**Task requirements:**
Retype, without changes, every line from the line that contains "Bengal cats Tica" through the final line of the records. Exclude pictures.

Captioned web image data

++++++++++

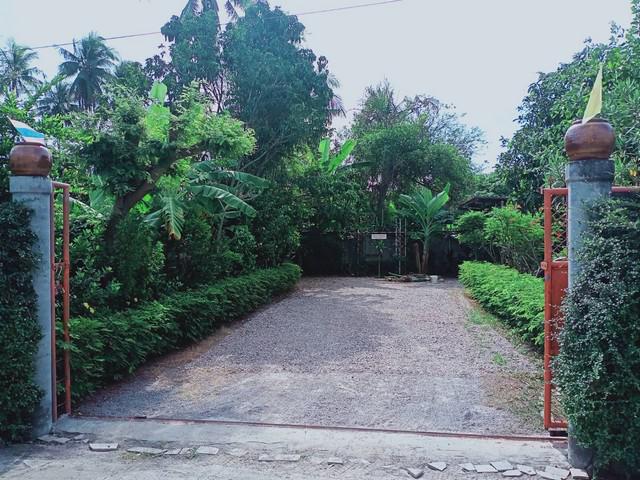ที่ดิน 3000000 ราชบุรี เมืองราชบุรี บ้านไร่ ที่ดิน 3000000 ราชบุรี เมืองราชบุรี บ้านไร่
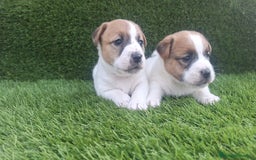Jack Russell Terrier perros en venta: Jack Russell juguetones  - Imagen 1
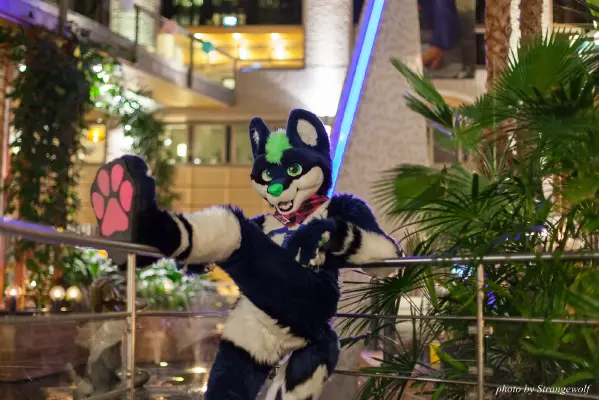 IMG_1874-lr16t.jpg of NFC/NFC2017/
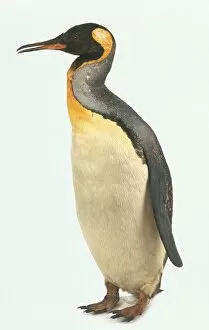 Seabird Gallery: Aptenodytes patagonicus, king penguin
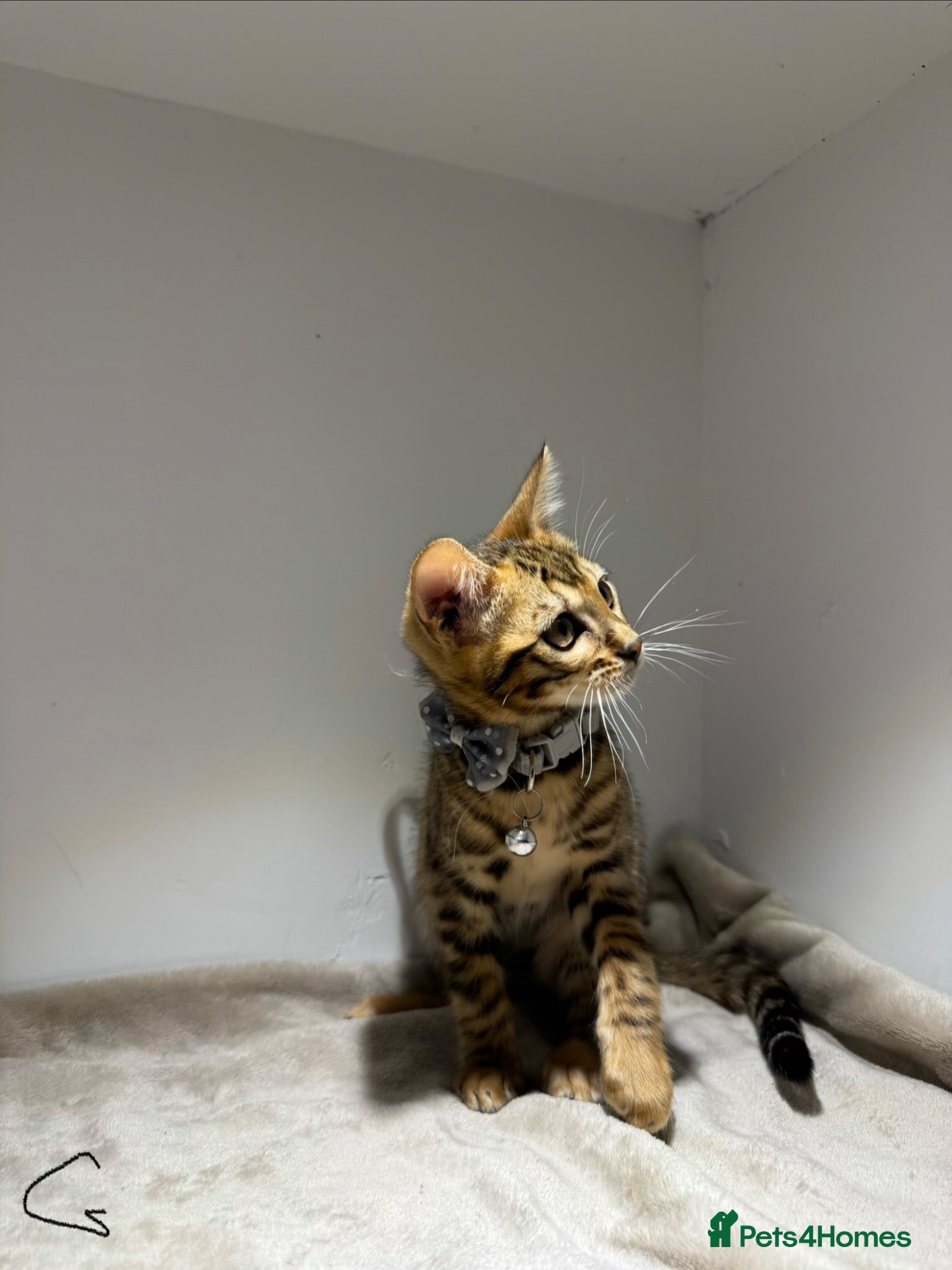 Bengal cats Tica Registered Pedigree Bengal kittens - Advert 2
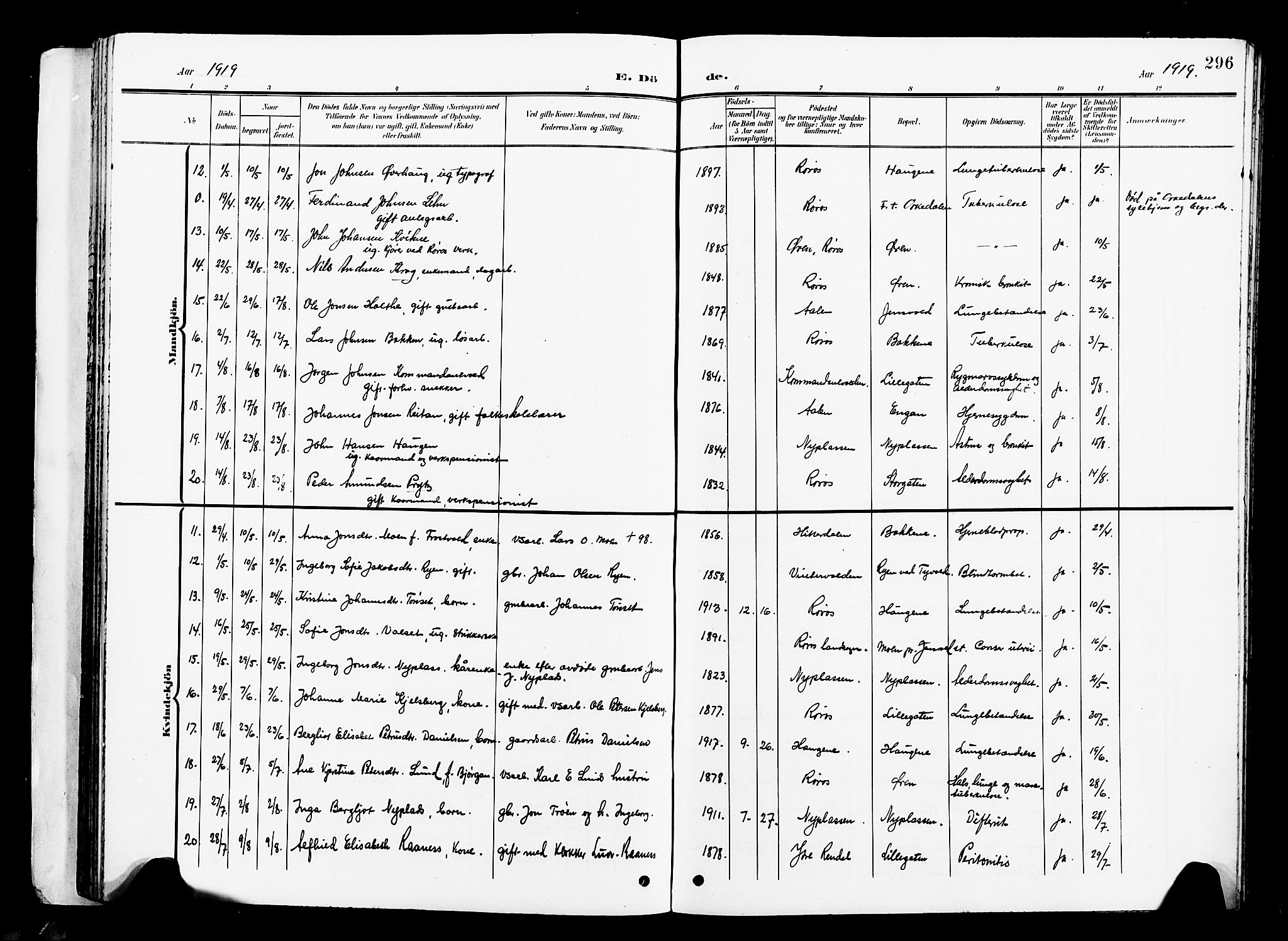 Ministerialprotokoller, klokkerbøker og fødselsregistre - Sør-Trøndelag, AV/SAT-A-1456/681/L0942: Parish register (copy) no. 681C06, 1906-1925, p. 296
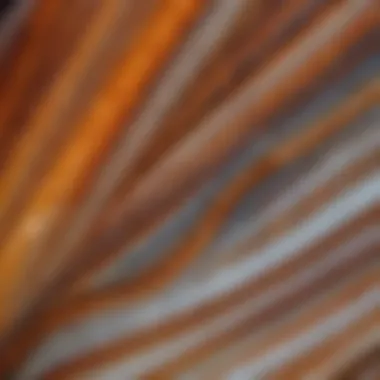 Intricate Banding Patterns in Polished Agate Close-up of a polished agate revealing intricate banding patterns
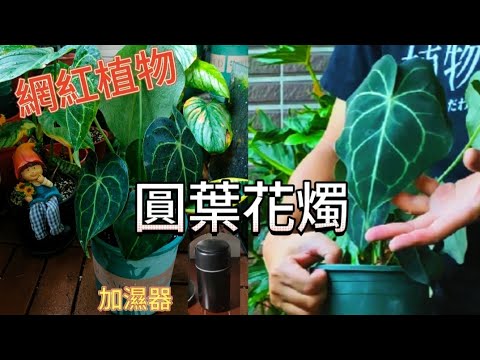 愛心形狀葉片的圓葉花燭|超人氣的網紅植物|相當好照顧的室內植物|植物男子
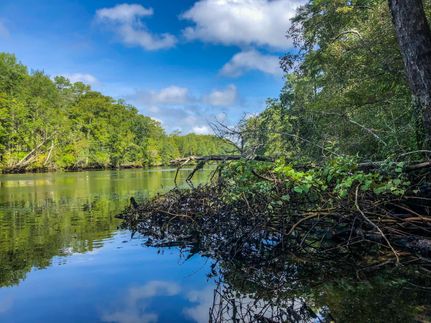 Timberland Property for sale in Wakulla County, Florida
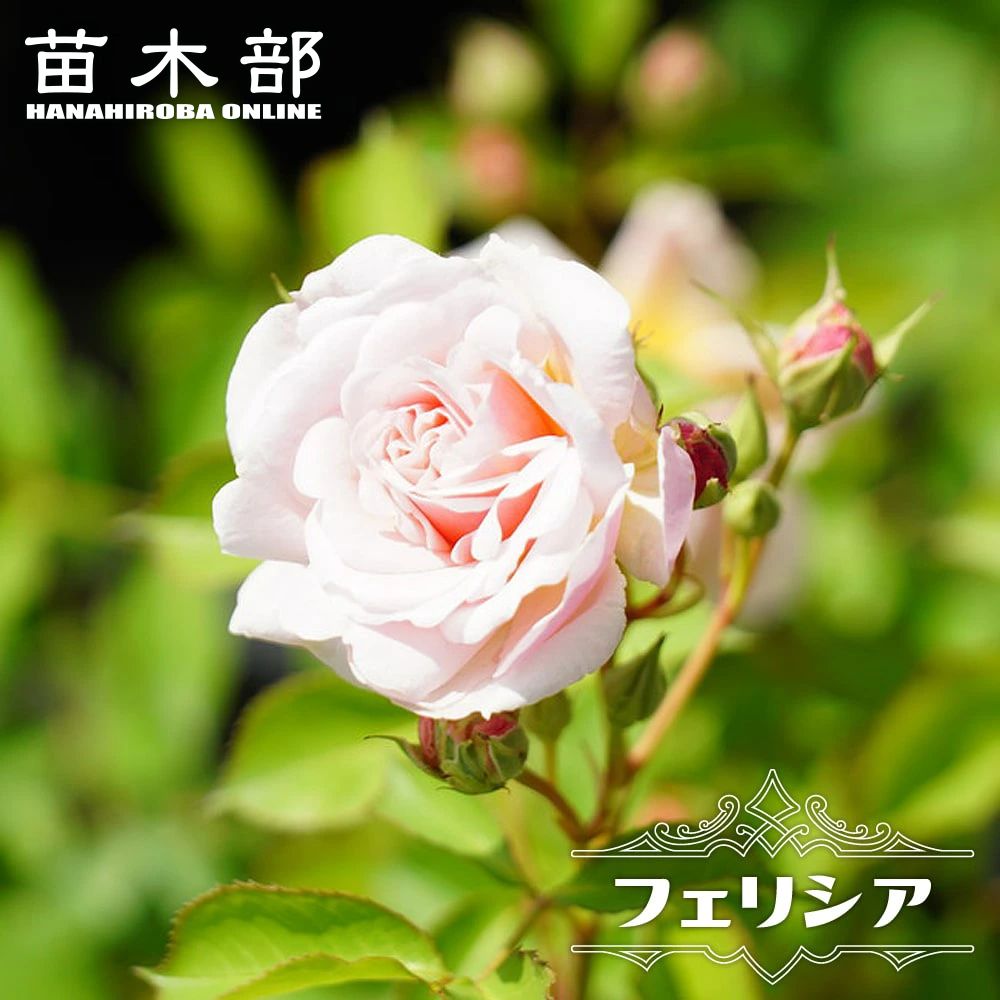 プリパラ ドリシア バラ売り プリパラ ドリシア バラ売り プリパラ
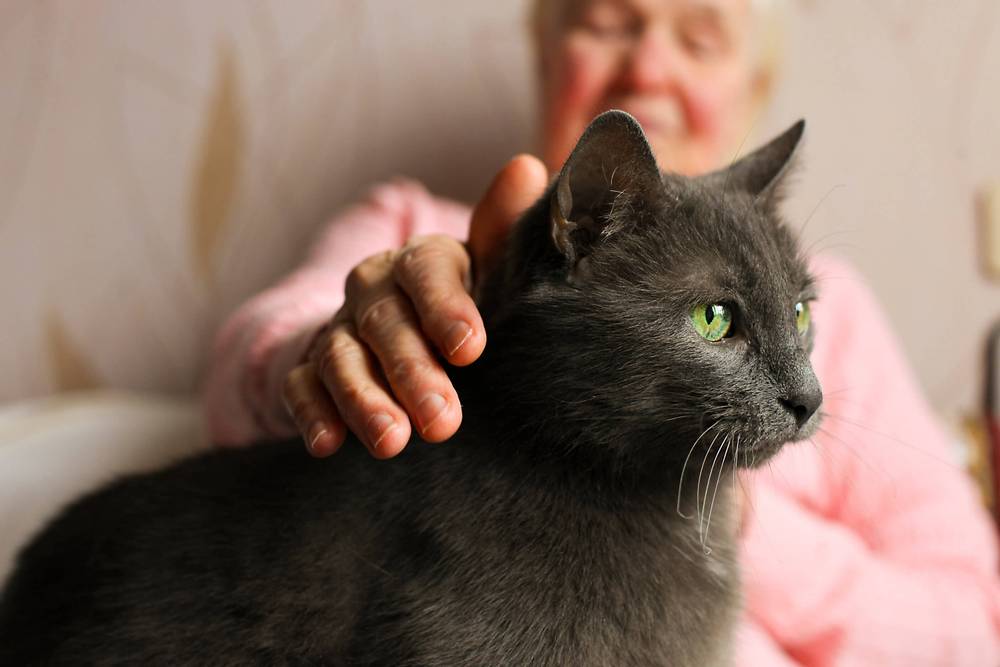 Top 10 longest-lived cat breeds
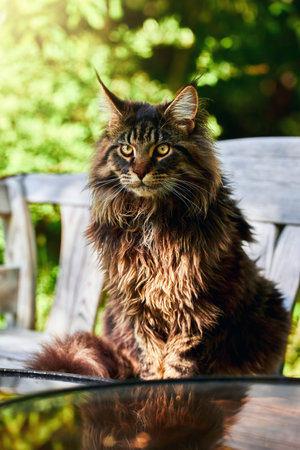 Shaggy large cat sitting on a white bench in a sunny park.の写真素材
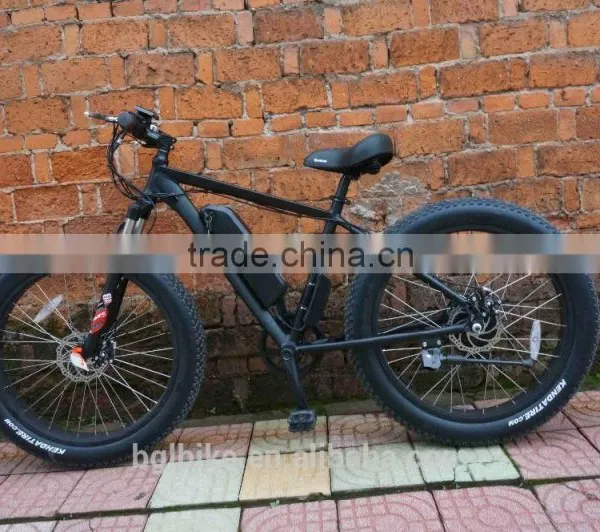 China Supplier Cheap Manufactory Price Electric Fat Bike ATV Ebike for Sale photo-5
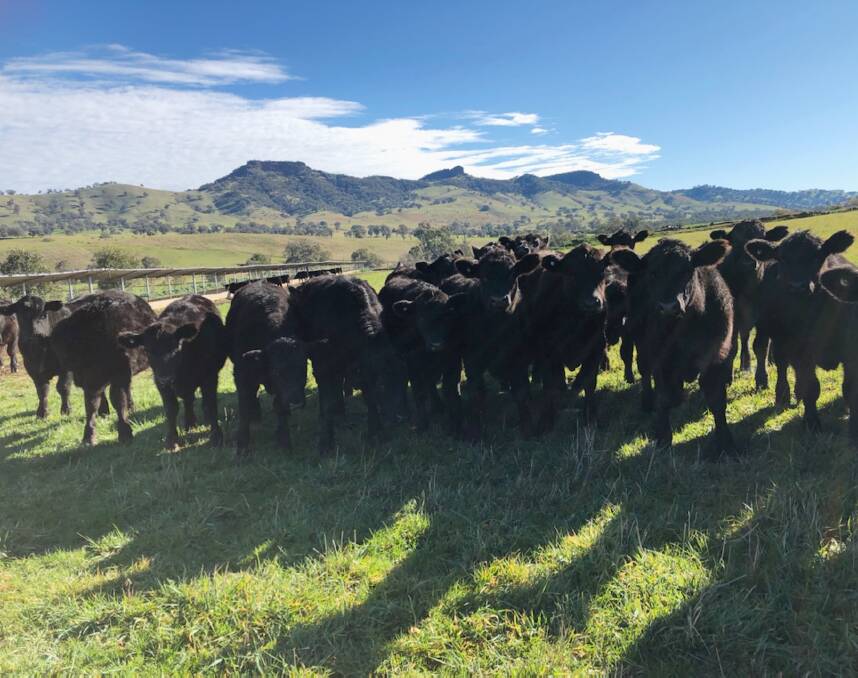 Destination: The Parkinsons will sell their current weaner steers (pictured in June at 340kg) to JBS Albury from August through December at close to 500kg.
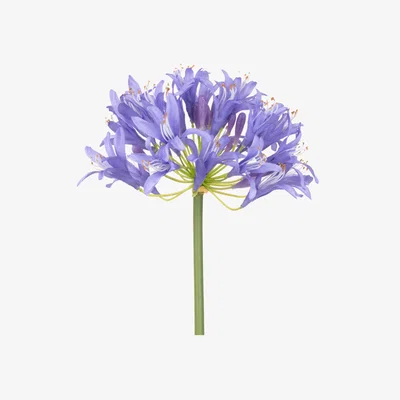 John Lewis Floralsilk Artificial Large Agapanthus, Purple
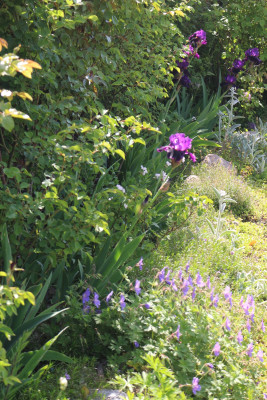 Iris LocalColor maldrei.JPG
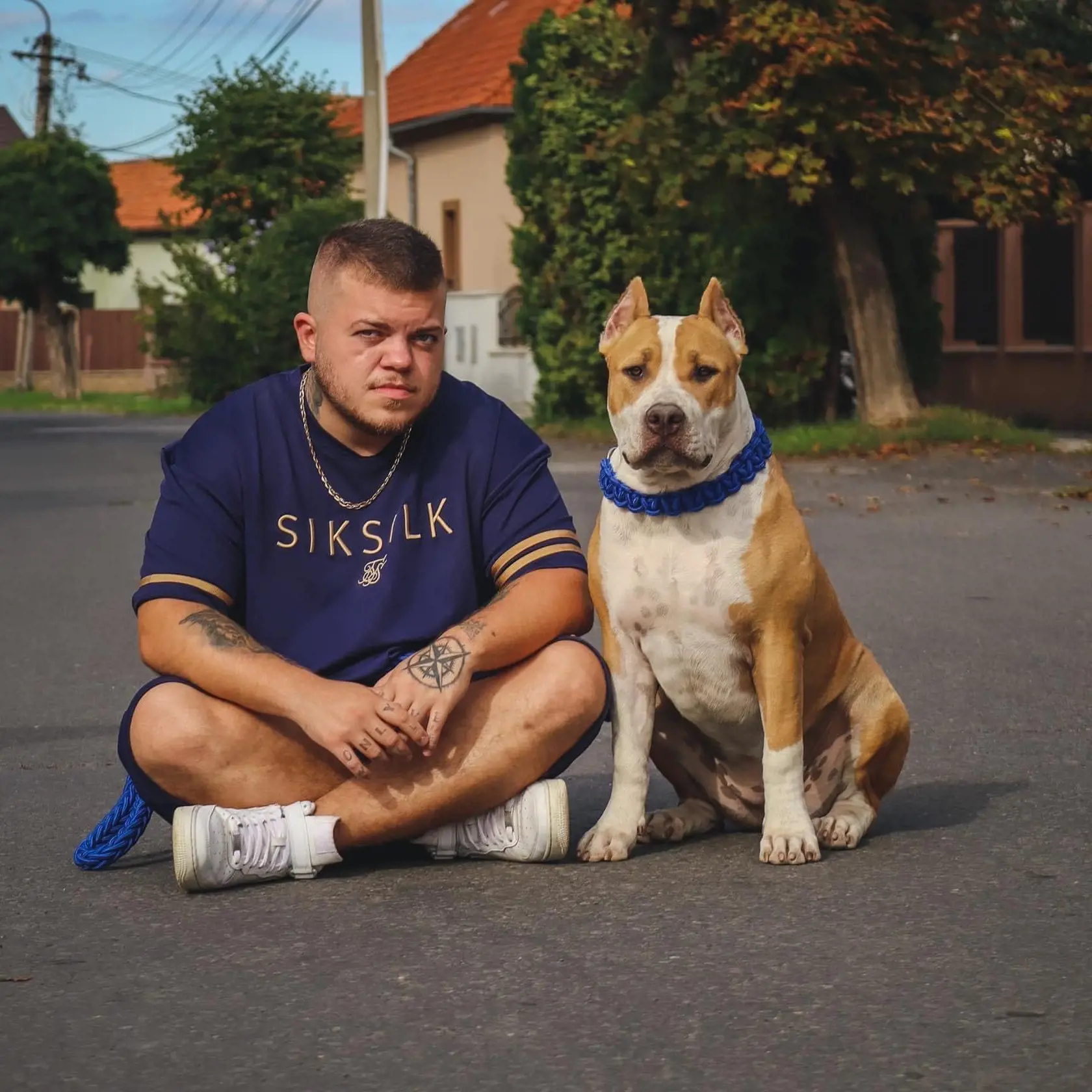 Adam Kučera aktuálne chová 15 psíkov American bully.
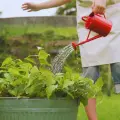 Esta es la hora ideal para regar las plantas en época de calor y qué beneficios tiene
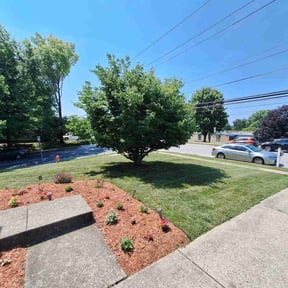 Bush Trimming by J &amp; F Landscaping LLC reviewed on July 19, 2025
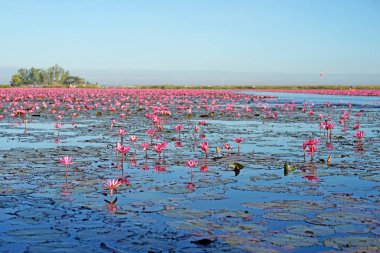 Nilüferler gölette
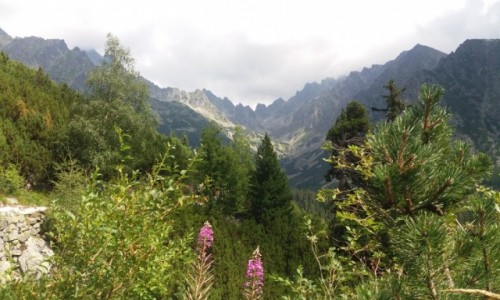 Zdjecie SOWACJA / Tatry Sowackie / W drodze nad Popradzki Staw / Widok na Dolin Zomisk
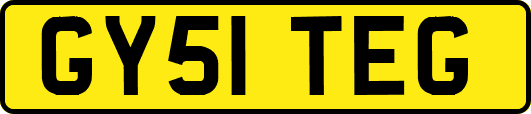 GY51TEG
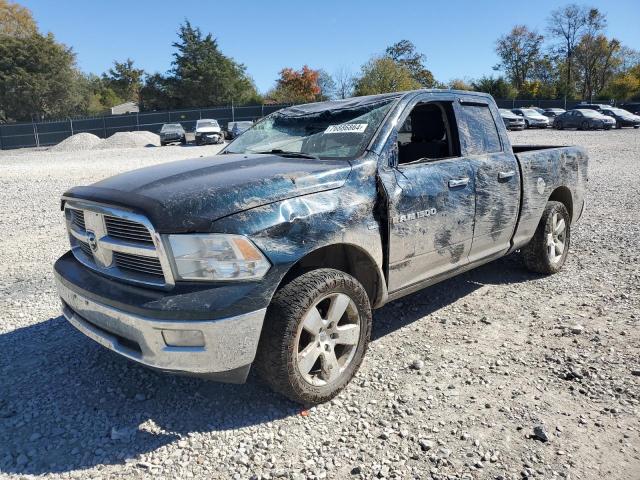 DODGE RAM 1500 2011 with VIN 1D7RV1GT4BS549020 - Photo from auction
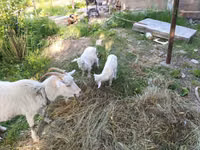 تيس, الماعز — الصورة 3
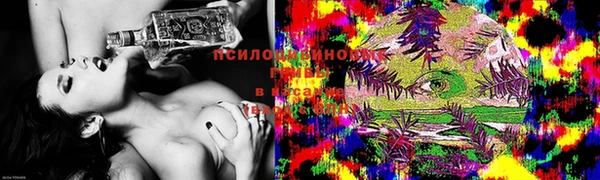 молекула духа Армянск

++++++++++

**Expected answer:**
 Bengal cats Tica Registered Pedigree Bengal kittens - Advert 2
 Ministerialprotokoller, klokkerbøker og fødselsregistre - Sør-Trøndelag, AV/SAT-A-1456/681/L0942: Parish register (copy) no. 681C06, 1906-1925, p. 296
 Intricate Banding Patterns in Polished Agate Close-up of a polished agate revealing intricate banding patterns
 愛心形狀葉片的圓葉花燭|超人氣的網紅植物|相當好照顧的室內植物|植物男子
 Timberland Property for sale in Wakulla County, Florida
 プリパラ ドリシア バラ売り プリパラ ドリシア バラ売り プリパラ
 Top 10 longest-lived cat breeds
 Shaggy large cat sitting on a white bench in a sunny park.の写真素材
 China Supplier Cheap Manufactory Price Electric Fat Bike ATV Ebike for Sale photo-5
 Destination: The Parkinsons will sell their current weaner steers (pictured in June at 340kg) to JBS Albury from August through December at close to 500kg.
 John Lewis Floralsilk Artificial Large Agapanthus, Purple
 Iris LocalColor maldrei.JPG
 Adam Kučera aktuálne chová 15 psíkov American bully.
 Esta es la hora ideal para regar las plantas en época de calor y qué beneficios tiene
 Bush Trimming by J &amp; F Landscaping LLC reviewed on July 19, 2025
 Nilüferler gölette
 Zdjecie SOWACJA / Tatry Sowackie / W drodze nad Popradzki Staw / Widok na Dolin Zomisk
 GY51TEG
 DODGE RAM 1500 2011 with VIN 1D7RV1GT4BS549020 - Photo from auction
 تيس, الماعز — الصورة 3
 молекула духа Армянск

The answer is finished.